The Austin Chronicle

Page Two: Unfortunately the Left Is Guilty of Hypocrisy Even If the Right Is More Openly Oppressive

Adding a "but" to freedom of speech is unacceptable

By Louis Black, June 2, 2017, Columns

Now in the modern political world the idea is to discredit people with different opinions, not to debate and certainly not to enter into discussion. The right feels that just saying "libtard," or that "liberalism is a mental disease," that they have dropped the mic, ending any discussion. The left has its own ill-advised political generalizations. There is a genuine glee on the right when the left tries to silence speech or insists that if a person's politics are extreme and despicable enough, then not allowing them to speak on campus or shouting them down is appropriate and righteous.

Free speech isn't pretty and is certainly not easy. It has to be absolute. Adding a "but" is unacceptable. There is, of course, the example of crying "fire" in a crowded theatre, where immediate actual harm may result. Claiming that words and ideas are just as dangerous and deadly is an attack on free speech.

These examples of intolerance by the left are especially offensive because of their insistence on tolerance. The right has long assaulted free speech and the free exchange of ideas so their efforts are not as shocking or surprising.

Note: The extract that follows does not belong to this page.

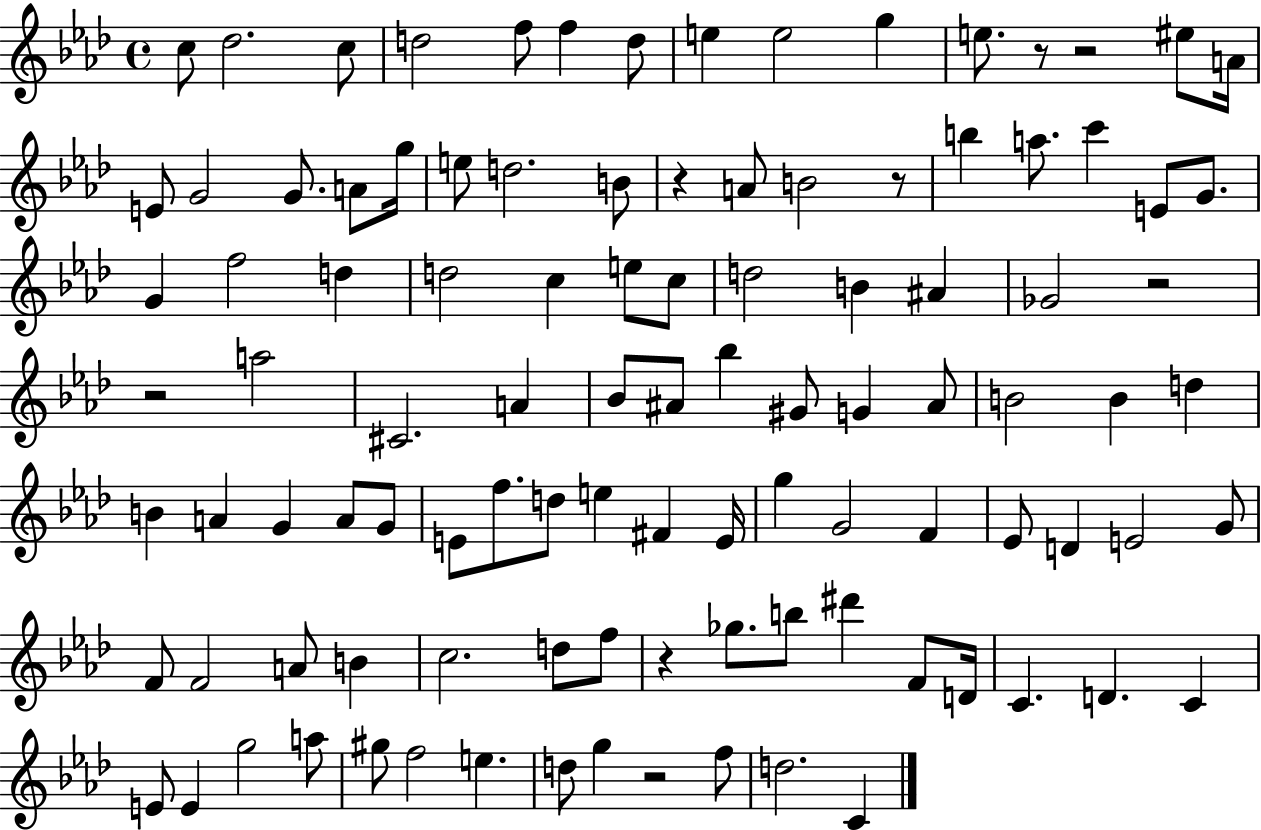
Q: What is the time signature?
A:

Unfortunately and regrettably, a tendency toward self-righteous intellectual purity does result in clear hypocrisy by some of the progressive community. This is especially upsetting coming from those championing acceptance and inclusion. Denying racists and fascists access to public stages, no matter how extreme their ideas, is to attack free speech. There are absolutes.

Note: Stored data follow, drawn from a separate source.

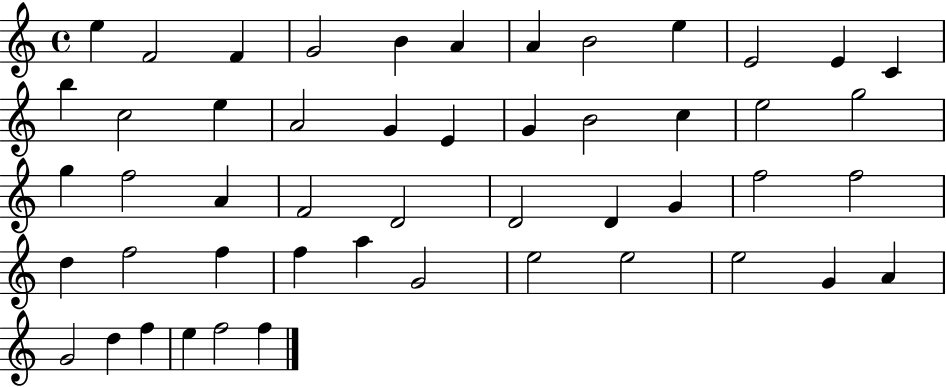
{
  \clef treble
  \time 4/4
  \defaultTimeSignature
  \key c \major
  e''4 f'2 f'4 | g'2 b'4 a'4 | a'4 b'2 e''4 | e'2 e'4 c'4 | \break b''4 c''2 e''4 | a'2 g'4 e'4 | g'4 b'2 c''4 | e''2 g''2 | \break g''4 f''2 a'4 | f'2 d'2 | d'2 d'4 g'4 | f''2 f''2 | \break d''4 f''2 f''4 | f''4 a''4 g'2 | e''2 e''2 | e''2 g'4 a'4 | \break g'2 d''4 f''4 | e''4 f''2 f''4 | \bar "|."
}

If one declares that certain ideas go so far as to become unacceptable, that opens all speech to such charges. What doesn't offend you might offend others.

This is an opinion; I exercise no authority here. Obviously anyone can still take whatever position they wish. But that has to be labeled as personal, partisan, and repressive rather than universal and moral.

Those on the left often advocate economic boycotts against businesses that are run by those with offensive politics. Obviously the right has long done this. Such economic boycotts and banning of speakers are regarded as legitimate public political responses/actions. It is not a false equivalency to say that despite claiming specific beliefs justify such actions, in a broader moral and absolute way this allows blacklisting. Essentially denying a speaker or urging a boycott is the same as not hiring producers, writers, and actors because of their politics.

Certainly a personal decision is a personal decision. But a public call for the organized response of an economic boycott is different. There is no difference between attacking a business because its management is too openly conservative and not hiring an actor who is openly an extreme leftist.

Personal beliefs and morality create no distinction; morally there is no difference when people with diametrically opposite views use the same tactics. Details make no difference; in the most morally absolute way they are the same.

There is legitimate outrage when conservative students begin to organize a list of progressive professors. Obviously not an abstract exercise, this is part of a campaign to limit discussion on campuses. Already, in the Fifties, teachers identified as leftists and progressives, communists and socialists, were purged.

There are those who will claim that insisting on an absolute nonpartisan morality is corrupt, that it is abstract nitpicking in the face of a well-organized and ongoing conservative repressive political effort.

A common accusation against liberals made by the right is that they can't face history, especially as regards race relations, labor, and women's issues. This dismissive, empty-minded assault is much more about conservative ideological fantasies than the past. Consider the rabid supporters of the "history" Dinesh D'Souza offers, who insist that he is telling the truth and only the truth. Which is nonsense. Intellectually dishonest to an extreme, D'Souza interweaves a few solid facts into a false and biased tapestry that has much more to do with partisan politics' overt prejudice than history.

Sadly and ironically, however, the claim is much more legitimate when it comes to the history of freedom of expression. Claiming limiting public political speech is legitimate, progressives ignore history as to how the right has always been far more successful in that effort, institutionalizing and legalizing the limiting of speech and ideas.

It can be argued that dealing with some of these issues in a broad moral way is actually immoral, that it postulates a false equivalency. But that is privileging opinions over morality. The difficulty is not just witnessing the left's hypocrisy, but the near certainty that the very same tactics will be used against it – and, if history is a guide, in ways far more comprehensive, effective, and enduring.